Data extracts

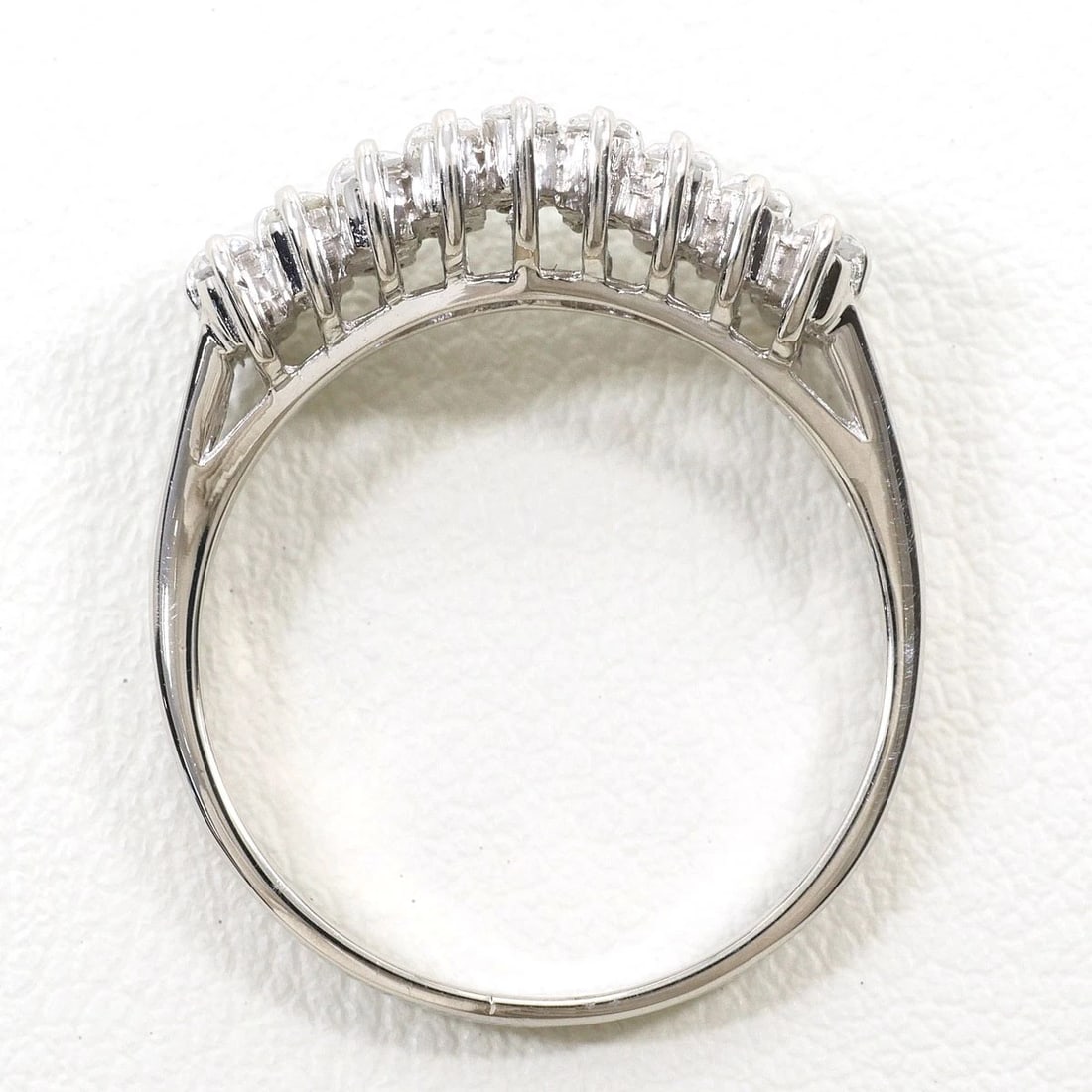 PT900 PLATINUM RING DIAMOND - 3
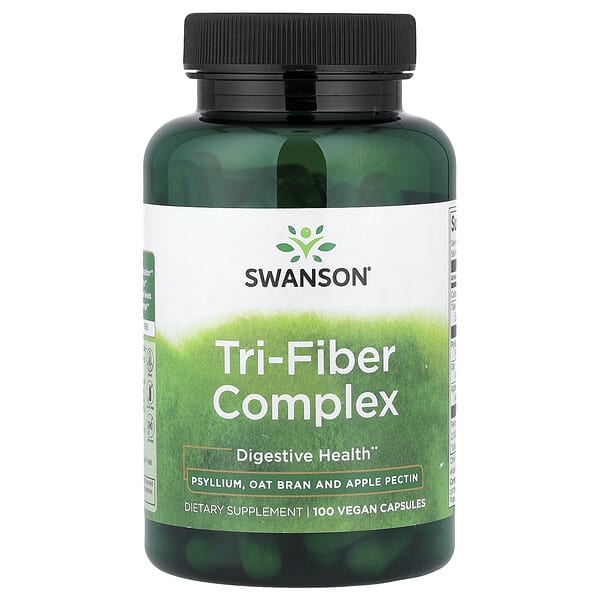 swv01993_v_40.jpg комплекс из трех волокон, 100 веганских капсул — Swanson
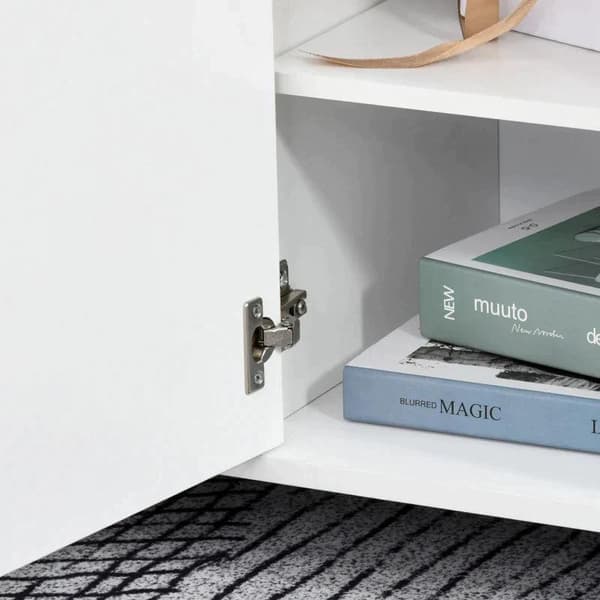 Rootz Filing Cabinet - Office Cabinet - Office Container With Wheels - Printer Stand - Storage Organizer With Lockable Drawer - Bedroom - Living Room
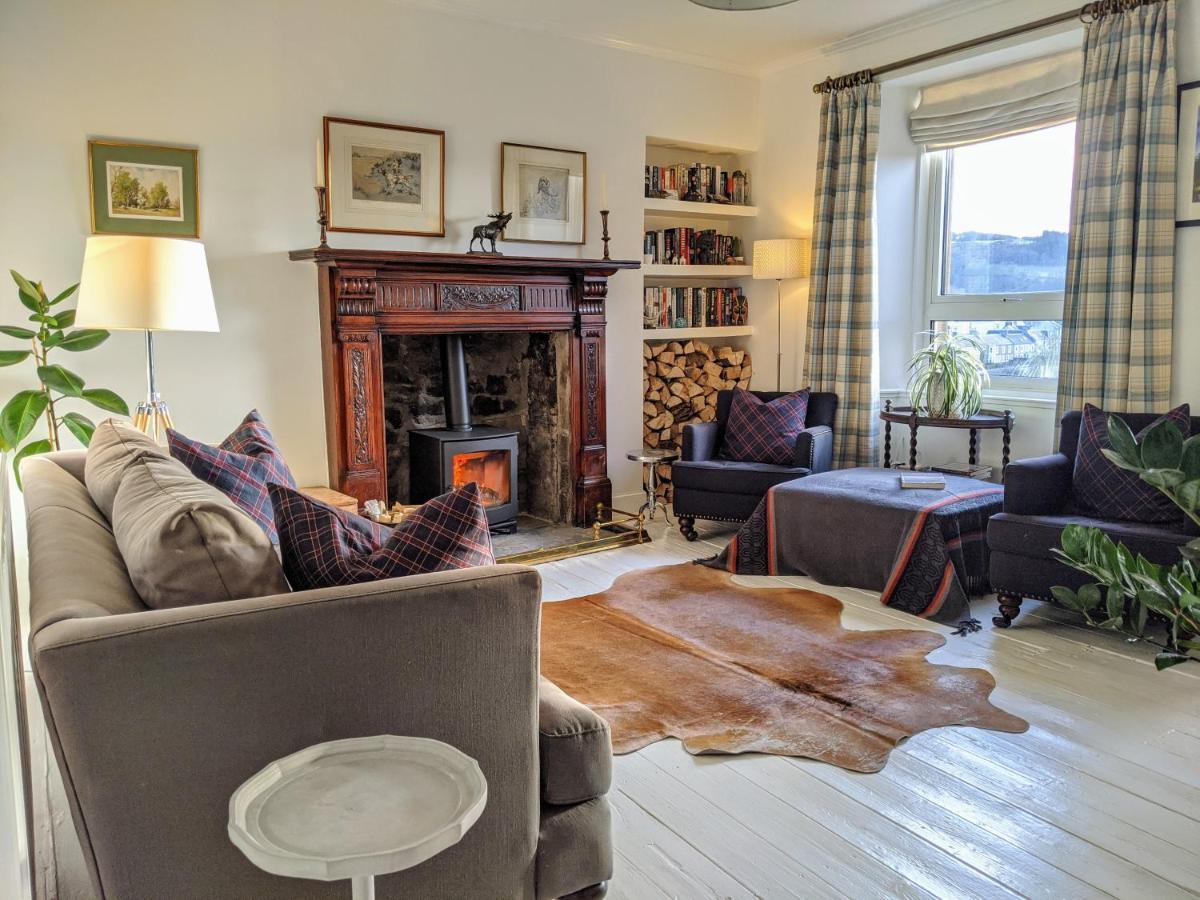 Central Hawick Spacious Stylish Flat With Log Burner Exterior foto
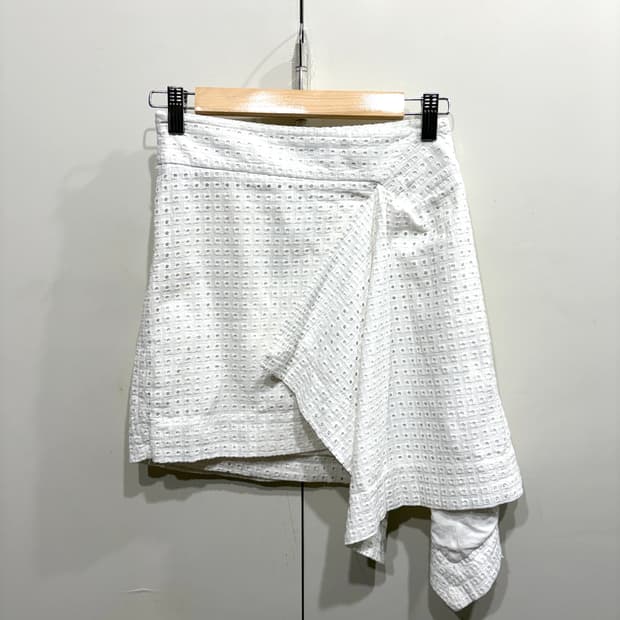 비비안 웨스트우드 언발 드레이프 스커트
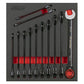 Sealey Premier Black Combination Ratchet Spanner Set 12pc AK63940B
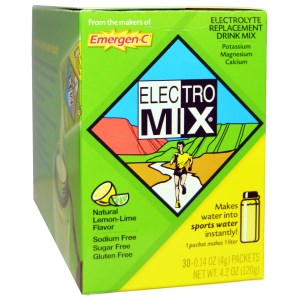 a green box of electrolytes
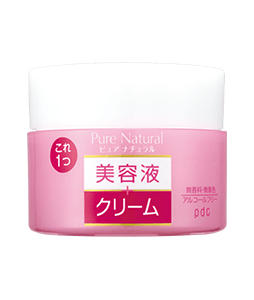 ピュア　ナチュラル　クリーム　モイストリフト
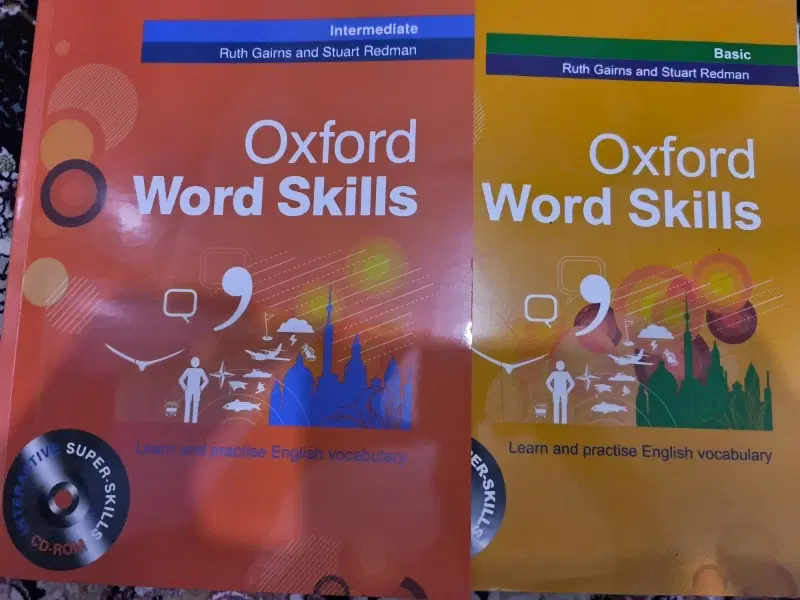 کتاب oxford word skills|کتاب و مجله آموزشی|تهران, صاحب الزمان|دیوار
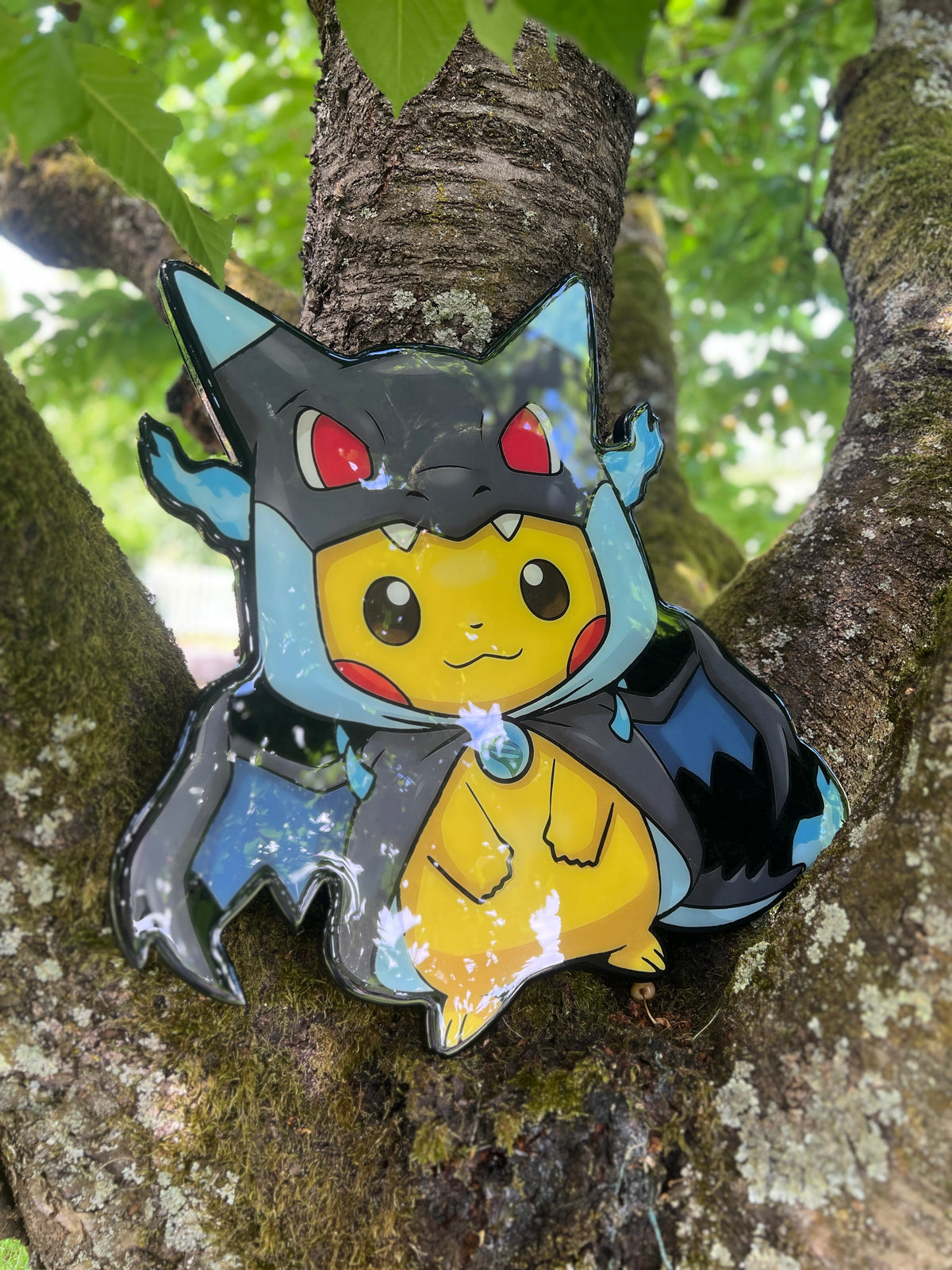 Poncho Pikachu X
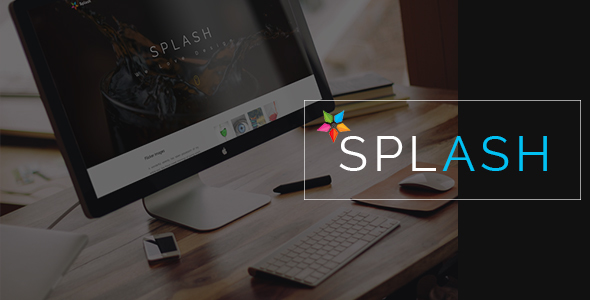 SPLASH - Creative Muse Template product preview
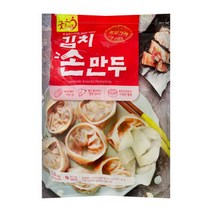 굿프랜즈 김치 손만두 1400g 비비고김치만두 오메기떡, 굿프랜즈 김치 손만두 1400g 비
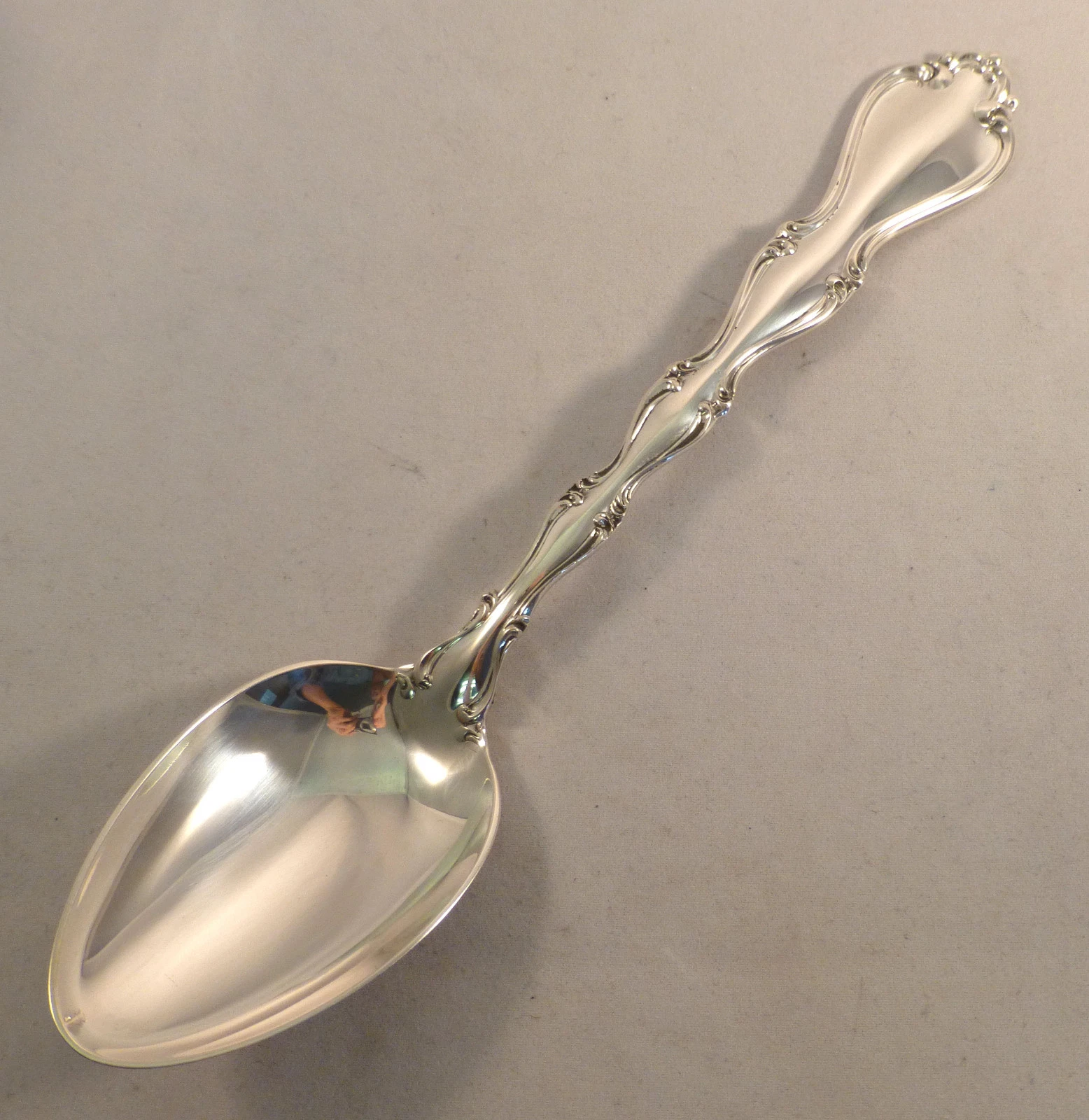 Country Manor-Towle Sterling Table Serving Spoon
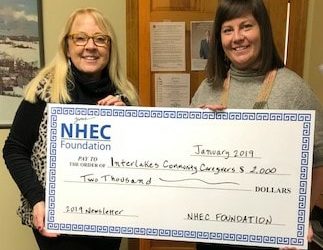 New Hampshire Electric Co-Op Awards Grant to ICCI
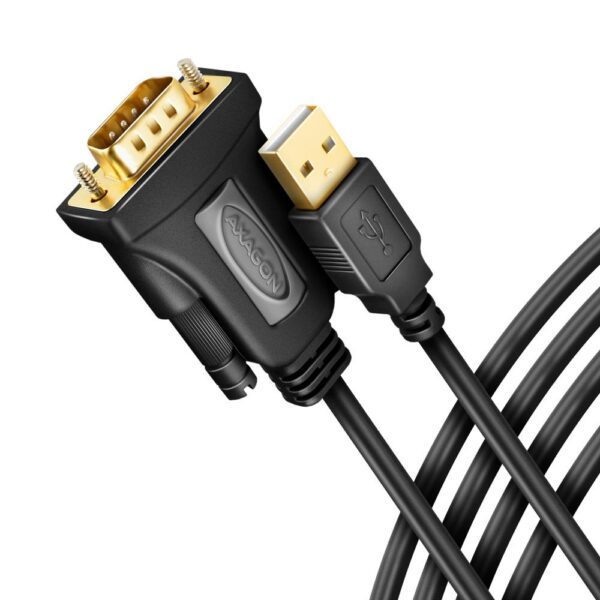 ELKO: 1438592 Axagon USB → RS232 kaabel 1.5m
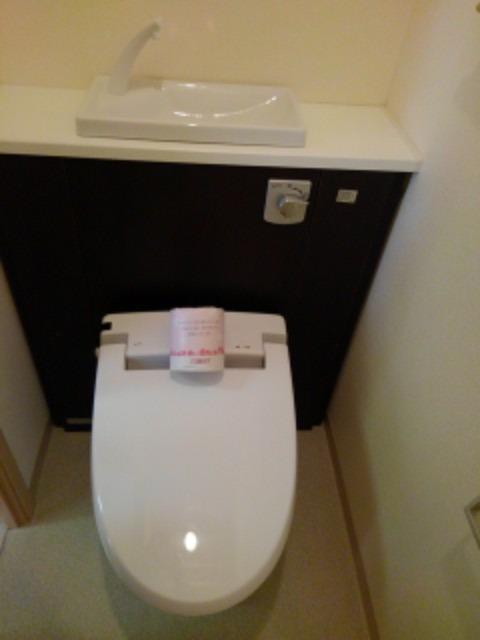 8/24 トイレ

Your goal
From the line containing "Poncho Pikachu X" through the last line of the entries, copy each line exactly and only those, skipping all pictures.

Exercise answer
 Poncho Pikachu X
 SPLASH - Creative Muse Template product preview
 굿프랜즈 김치 손만두 1400g 비비고김치만두 오메기떡, 굿프랜즈 김치 손만두 1400g 비
 Country Manor-Towle Sterling Table Serving Spoon
 New Hampshire Electric Co-Op Awards Grant to ICCI
 ELKO: 1438592 Axagon USB → RS232 kaabel 1.5m
 8/24 トイレ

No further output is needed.